The required output is every entry, printed exactly as written.

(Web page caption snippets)
*-*-*

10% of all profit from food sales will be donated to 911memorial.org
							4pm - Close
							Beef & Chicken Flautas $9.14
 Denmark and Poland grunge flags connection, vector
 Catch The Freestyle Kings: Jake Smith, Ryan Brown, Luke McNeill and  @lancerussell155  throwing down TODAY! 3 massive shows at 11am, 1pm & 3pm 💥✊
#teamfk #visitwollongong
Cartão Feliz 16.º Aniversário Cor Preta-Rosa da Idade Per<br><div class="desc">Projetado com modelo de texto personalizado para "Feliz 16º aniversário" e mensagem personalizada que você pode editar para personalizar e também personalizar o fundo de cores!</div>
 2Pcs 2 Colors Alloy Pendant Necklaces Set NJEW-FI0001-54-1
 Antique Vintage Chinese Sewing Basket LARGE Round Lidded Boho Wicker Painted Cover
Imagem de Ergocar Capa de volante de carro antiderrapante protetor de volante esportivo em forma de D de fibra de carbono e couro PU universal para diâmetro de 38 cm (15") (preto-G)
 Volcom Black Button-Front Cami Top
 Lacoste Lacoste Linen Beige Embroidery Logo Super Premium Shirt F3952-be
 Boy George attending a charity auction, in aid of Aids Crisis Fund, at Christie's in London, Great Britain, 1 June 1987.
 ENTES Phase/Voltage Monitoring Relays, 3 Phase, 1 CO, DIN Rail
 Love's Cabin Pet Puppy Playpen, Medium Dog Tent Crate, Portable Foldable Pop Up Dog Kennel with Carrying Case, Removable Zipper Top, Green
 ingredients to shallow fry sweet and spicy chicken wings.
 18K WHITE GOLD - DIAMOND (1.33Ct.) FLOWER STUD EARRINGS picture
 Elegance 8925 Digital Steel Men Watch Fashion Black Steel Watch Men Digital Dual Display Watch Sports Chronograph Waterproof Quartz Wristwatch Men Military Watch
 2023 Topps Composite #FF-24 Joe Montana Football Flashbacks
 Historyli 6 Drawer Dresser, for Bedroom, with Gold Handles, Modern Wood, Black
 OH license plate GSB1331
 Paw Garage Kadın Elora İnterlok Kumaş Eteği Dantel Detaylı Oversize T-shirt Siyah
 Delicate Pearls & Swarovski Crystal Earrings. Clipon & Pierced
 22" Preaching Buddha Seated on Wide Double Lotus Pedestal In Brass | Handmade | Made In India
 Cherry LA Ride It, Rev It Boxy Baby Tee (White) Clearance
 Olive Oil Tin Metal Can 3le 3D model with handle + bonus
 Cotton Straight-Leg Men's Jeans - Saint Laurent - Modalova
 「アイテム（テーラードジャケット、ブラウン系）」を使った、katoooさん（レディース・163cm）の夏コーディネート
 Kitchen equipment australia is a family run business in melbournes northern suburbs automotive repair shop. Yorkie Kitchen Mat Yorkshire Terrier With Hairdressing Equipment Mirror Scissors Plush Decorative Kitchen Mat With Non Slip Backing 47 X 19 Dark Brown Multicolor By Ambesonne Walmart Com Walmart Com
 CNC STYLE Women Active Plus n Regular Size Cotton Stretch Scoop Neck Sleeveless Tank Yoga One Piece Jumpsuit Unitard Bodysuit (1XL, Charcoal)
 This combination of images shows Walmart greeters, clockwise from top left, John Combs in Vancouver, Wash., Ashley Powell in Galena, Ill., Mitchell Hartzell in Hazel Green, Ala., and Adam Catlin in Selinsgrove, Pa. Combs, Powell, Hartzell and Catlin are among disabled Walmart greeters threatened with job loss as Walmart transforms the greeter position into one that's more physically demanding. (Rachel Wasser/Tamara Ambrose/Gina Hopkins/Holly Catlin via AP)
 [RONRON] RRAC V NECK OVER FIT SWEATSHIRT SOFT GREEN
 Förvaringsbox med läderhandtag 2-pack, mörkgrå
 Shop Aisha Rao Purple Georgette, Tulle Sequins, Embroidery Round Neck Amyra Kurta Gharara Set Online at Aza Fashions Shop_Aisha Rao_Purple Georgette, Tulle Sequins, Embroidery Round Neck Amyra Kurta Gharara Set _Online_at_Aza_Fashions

*-*-*

* _ANSWER SECTION_:
10% of all profit from food sales will be donated to 911memorial.org
							4pm - Close
							Beef & Chicken Flautas $9.14
 Denmark and Poland grunge flags connection, vector
 Catch The Freestyle Kings: Jake Smith, Ryan Brown, Luke McNeill and  @lancerussell155  throwing down TODAY! 3 massive shows at 11am, 1pm & 3pm 💥✊
#teamfk #visitwollongong
Cartão Feliz 16.º Aniversário Cor Preta-Rosa da Idade Per<br><div class="desc">Projetado com modelo de texto personalizado para "Feliz 16º aniversário" e mensagem personalizada que você pode editar para personalizar e também personalizar o fundo de cores!</div>
 2Pcs 2 Colors Alloy Pendant Necklaces Set NJEW-FI0001-54-1
 Antique Vintage Chinese Sewing Basket LARGE Round Lidded Boho Wicker Painted Cover
Imagem de Ergocar Capa de volante de carro antiderrapante protetor de volante esportivo em forma de D de fibra de carbono e couro PU universal para diâmetro de 38 cm (15") (preto-G)
 Volcom Black Button-Front Cami Top
 Lacoste Lacoste Linen Beige Embroidery Logo Super Premium Shirt F3952-be
 Boy George attending a charity auction, in aid of Aids Crisis Fund, at Christie's in London, Great Britain, 1 June 1987.
 ENTES Phase/Voltage Monitoring Relays, 3 Phase, 1 CO, DIN Rail
 Love's Cabin Pet Puppy Playpen, Medium Dog Tent Crate, Portable Foldable Pop Up Dog Kennel with Carrying Case, Removable Zipper Top, Green
 ingredients to shallow fry sweet and spicy chicken wings.
 18K WHITE GOLD - DIAMOND (1.33Ct.) FLOWER STUD EARRINGS picture
 Elegance 8925 Digital Steel Men Watch Fashion Black Steel Watch Men Digital Dual Display Watch Sports Chronograph Waterproof Quartz Wristwatch Men Military Watch
 2023 Topps Composite #FF-24 Joe Montana Football Flashbacks
 Historyli 6 Drawer Dresser, for Bedroom, with Gold Handles, Modern Wood, Black
 OH license plate GSB1331
 Paw Garage Kadın Elora İnterlok Kumaş Eteği Dantel Detaylı Oversize T-shirt Siyah
 Delicate Pearls & Swarovski Crystal Earrings. Clipon & Pierced
 22" Preaching Buddha Seated on Wide Double Lotus Pedestal In Brass | Handmade | Made In India
 Cherry LA Ride It, Rev It Boxy Baby Tee (White) Clearance
 Olive Oil Tin Metal Can 3le 3D model with handle + bonus
 Cotton Straight-Leg Men's Jeans - Saint Laurent - Modalova
 「アイテム（テーラードジャケット、ブラウン系）」を使った、katoooさん（レディース・163cm）の夏コーディネート
 Kitchen equipment australia is a family run business in melbournes northern suburbs automotive repair shop. Yorkie Kitchen Mat Yorkshire Terrier With Hairdressing Equipment Mirror Scissors Plush Decorative Kitchen Mat With Non Slip Backing 47 X 19 Dark Brown Multicolor By Ambesonne Walmart Com Walmart Com
 CNC STYLE Women Active Plus n Regular Size Cotton Stretch Scoop Neck Sleeveless Tank Yoga One Piece Jumpsuit Unitard Bodysuit (1XL, Charcoal)
 This combination of images shows Walmart greeters, clockwise from top left, John Combs in Vancouver, Wash., Ashley Powell in Galena, Ill., Mitchell Hartzell in Hazel Green, Ala., and Adam Catlin in Selinsgrove, Pa. Combs, Powell, Hartzell and Catlin are among disabled Walmart greeters threatened with job loss as Walmart transforms the greeter position into one that's more physically demanding. (Rachel Wasser/Tamara Ambrose/Gina Hopkins/Holly Catlin via AP)
 [RONRON] RRAC V NECK OVER FIT SWEATSHIRT SOFT GREEN
 Förvaringsbox med läderhandtag 2-pack, mörkgrå
 Shop Aisha Rao Purple Georgette, Tulle Sequins, Embroidery Round Neck Amyra Kurta Gharara Set Online at Aza Fashions Shop_Aisha Rao_Purple Georgette, Tulle Sequins, Embroidery Round Neck Amyra Kurta Gharara Set _Online_at_Aza_Fashions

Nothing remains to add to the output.